Static electricity usually conjures up images of Van de Graaff generators, crazy hair, sticking balloons to walls and the odd shock from an inappropriate clothing choice.

But when Classic Kit columnist Andrea Sella happened to mention a couple of months ago that the cause of static charging is still far from understood, my interest was piqued.

I had assumed from schooldays that it was all sorted out – you rub stuff and it gets charged. But when you think about it, what’s actually causing that charge buildup? Is it really electrons? Surely the work function – the energy required to displace an electron from the surface – of those materials is far higher than simply placing them in contact with another material? What about ions? Or both?  Or even bits of the materials themselves transferring over – as I found out researching my latest news piece?

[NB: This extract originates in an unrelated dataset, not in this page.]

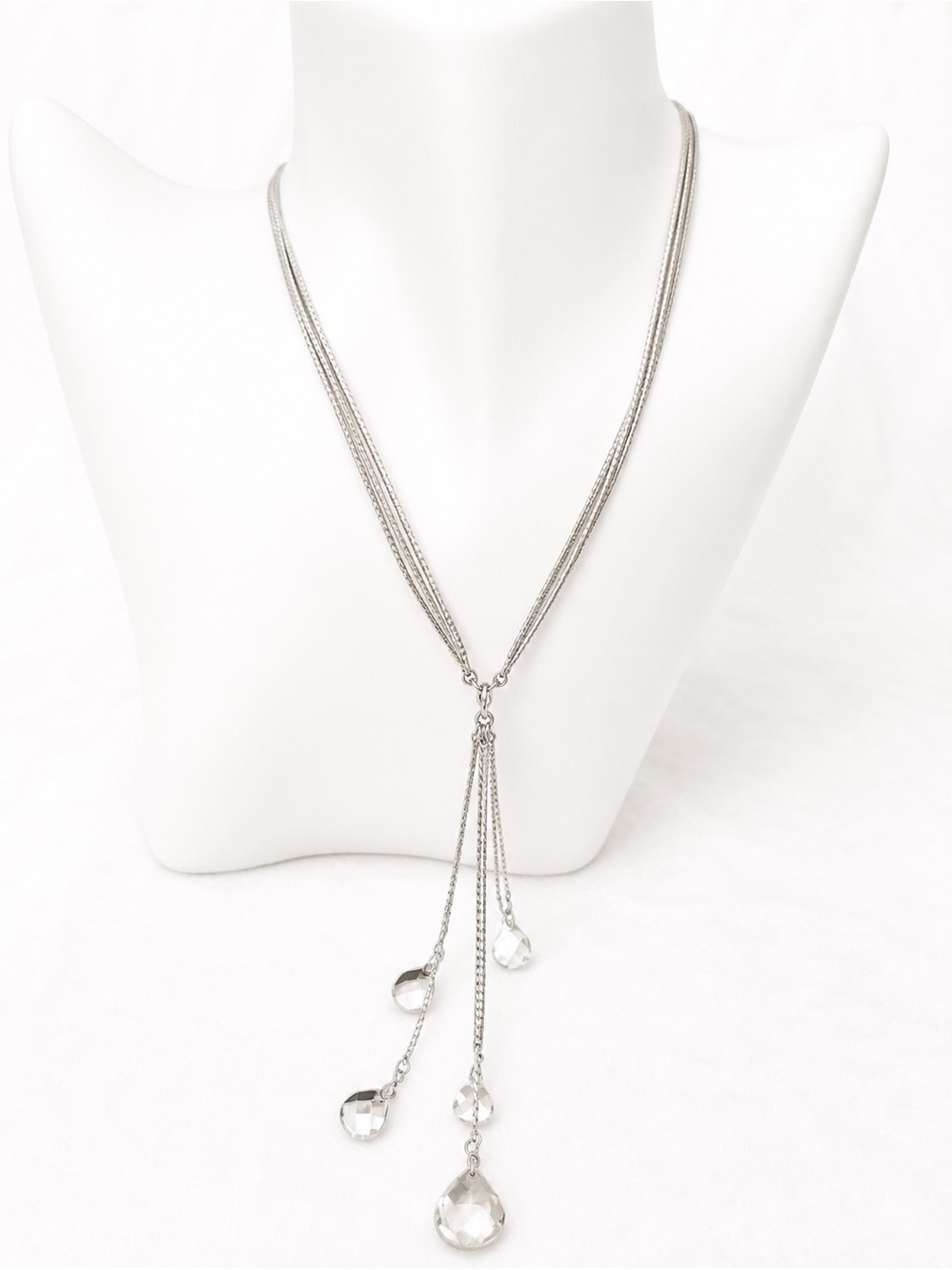 Teardrop Lariat Necklace Silver Tone Drop Y Necklace Layering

So what’s really going on? The short answer is we really don’t know. That came across talking to Dan Lacks at Case Western Reserve University, US. Lacks told me that he’d originally got into looking at tribocharging when he was approached by a company with a project. ‘I thought it would be easy – I’d just read in the literature how it works and be able to simply solve their problem.’

Static charge on a Teflon surface touched repeatedly with an inflated and deflated rubber balloon © Wiley-VCH

It turns out to be significantly more complex, and seven years later Lacks is still pondering the issue. In a recent paper of his own, Lacks has shown that touching a rubber balloon to a Teflon surface charges it oppositely depending on whether it’s inflated or deflated, so straining a material changes how it charges.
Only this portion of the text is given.